RECORDED DATA
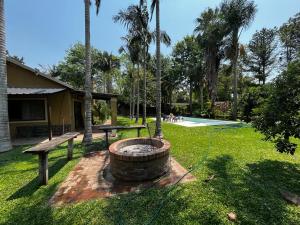 a garden with a fire pit and a bench and palm trees at La Arboleda in Corrientes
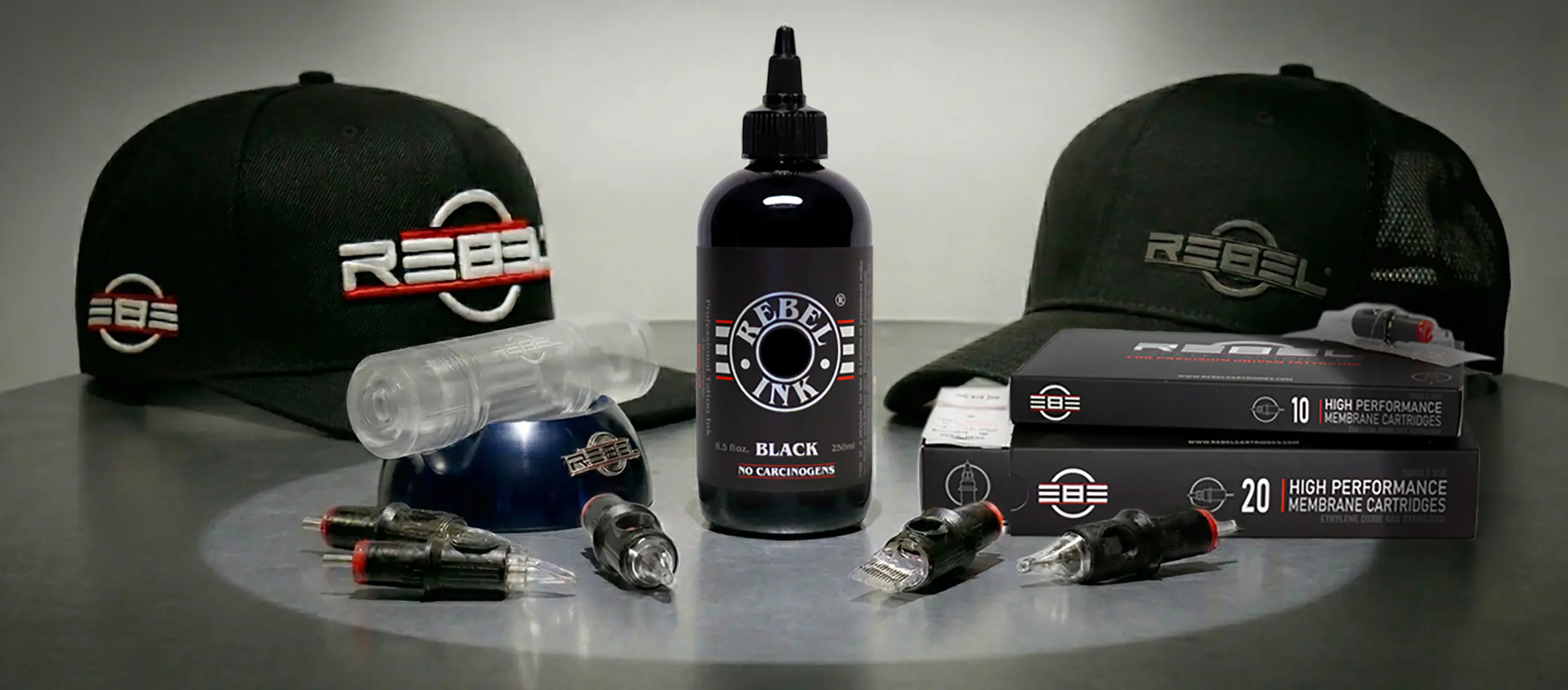 REBEL tattoo equipment including black tattoo ink, precision cartridge needles, and professional tattoo apparel and tools setup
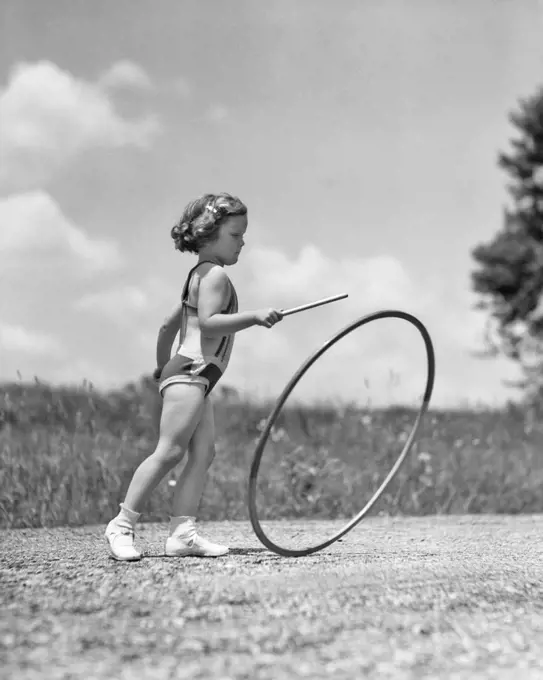 1930s GIRL OUTDOORS ROLLING A HOOP PLAYING HOOP AND STICK GAME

WORK ORDER
All of the material above should be reproduced exactly, except the pictures.

YOUR SOLUTION
 a garden with a fire pit and a bench and palm trees at La Arboleda in Corrientes
 REBEL tattoo equipment including black tattoo ink, precision cartridge needles, and professional tattoo apparel and tools setup
 1930s GIRL OUTDOORS ROLLING A HOOP PLAYING HOOP AND STICK GAME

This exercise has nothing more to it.